Swift Diaries
A Tuesday in early June
I was up early on Tuesday. I had to sort out my son’s breakfast and make his lunch before a day of GCSEs. There were other things on my to-do list to think about: a man was coming from the carpet shop to have a look at our troublesome grey-slate design vinyl floor. Later, I was aiming to attend an on-line meeting to see if we were going to accept the management’s offer. It was going to be that kind of morning.
I hadn’t seen a swift for two days. In the off-chance I might catch a ‘local’ resident before it set off on its travels, I stepped out into the back garden. It was about 6:55am. The first thing I noticed was how dark the sky was - the colour of bruising (before the reds and purples surface), where the flat mass of heavy clouds sucked most of the light from the heavens.

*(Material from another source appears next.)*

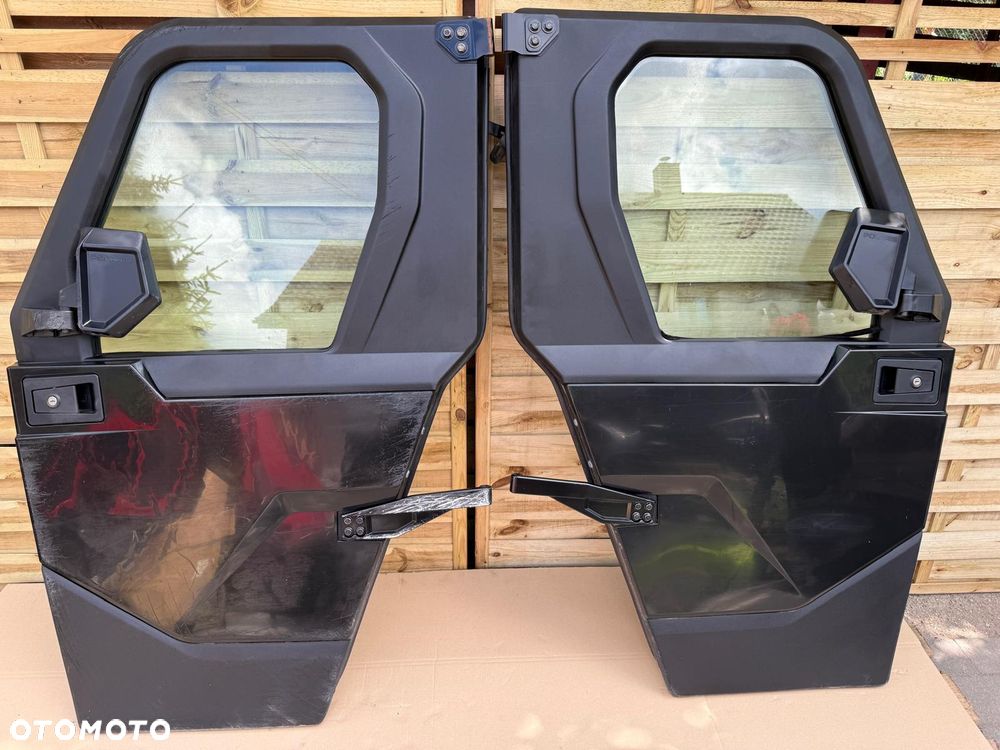 Zestaw drzwi Polaris Ranger 570 - 1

Then I saw the birds. Black birds in a black sky. It seemed like there were so many. Think of paper being burnt in a fire, the flakes and embers flying off and up and around. There they were, mid-range, about thirty birds, maybe more, tumbling around each other. They moved together and moved apart at the same time: they were loosely in ‘formation’ and separate in the way they cut above and below in lines and curves. The group were ‘roiling’ directly overhead, before they powered up the hill - a swarm of swifts - tangling and untangling. When they reached the top of the road, gravity seemed to take effect, and they began to roll back down the hill again. I listened to the long thin thread of their screeches, looping together into tiny knots. They had all come from who knows where (and how far?) to make contact and communicate. They had decided to meet on a ‘patch’ of sky above our road to dance.
I watched them ‘fall’ back down the hill for a further two or three minutes before I went back inside to continue with breakfast. By the time I came out again, it was 7:20am and there were two swifts left, coupled in circles of flight, low over gardens and nearby streets. Five minutes later, the sky was big, almost monotone, empty. I didn’t catch sight of another swift for two days.
Two nights ago (Friday), I watched a swift enter the nest for the first time in over a week. If you’re a swift not ‘tied’ to a nest of eggs, there probably isn’t any point in sticking around in cool and wet conditions. These swift-silent days point toward the community of birds being elsewhere. I saw the ‘homing’ swift last night because I was being strategic (going out just as the street lights were being triggered by dusk) and consciously looking up at the quadrant of sky the birds usually appear from. Whether these two swifts, sticking it out through the ‘worst’ of June, will raise healthy chicks will depend a lot on the weather. I’m hoping the sun returns to burn away the clouds. I’m hoping for more dancing swifts.
Here are the diary entries from notes I have posted this week:
31st May
I’ve been watching the clouds all day, from the north — turning more westerly this evening. I’ve been waiting for rain that has never quite materialised. The odd spot — but that’s all. Waiting to see if rain will flush the swifts out. But without rain there have been no birds.
1st June
Without a swift to focus on, the sky seems bigger. It certainly feels emptier - especially as this is the first day of meteorological summer. This time last year, the birds were more visible, even in the rain. This evening there’s only rain, thick against the window.
2nd June
Second Wave?
3rd June
We’re sitting in the park, overlooking the towers of Stannington, and further off, the green of Rivelin Valley. Every five to ten seconds we hear swifts, but the sky is blank. Where are they? We walk up toward Crookes. The same clear screams. It’s not birds — you point at the black box on the front of a house — but a swift caller.
4th June
I’ve not seen a swift for two days now. The bagatelle of wind and showers, the cool air, seems to have pushed away any swift that doesn’t need or want to be here. If we have nesting swifts, they are keeping to the edges of the horizon. I’ve seen this before — but not at the beginning of June.
5th June
If I see swifts at all, it is in seconds rather than minutes. That swift I saw dip out of sight two streets away. The swift that swung low over a neighbour’s garden and disappeared behind the terraces of Bradley Street. Or the swift I’ve just seen fall out of the sky, as if from nowhere, to swerve and slide into the nest.
6th June
After a day of warm rain leading to this dry, humid evening, it’s good to see (and hear) a group of maybe ten swifts spiralling over Slinn Street for a few minutes before they break apart again.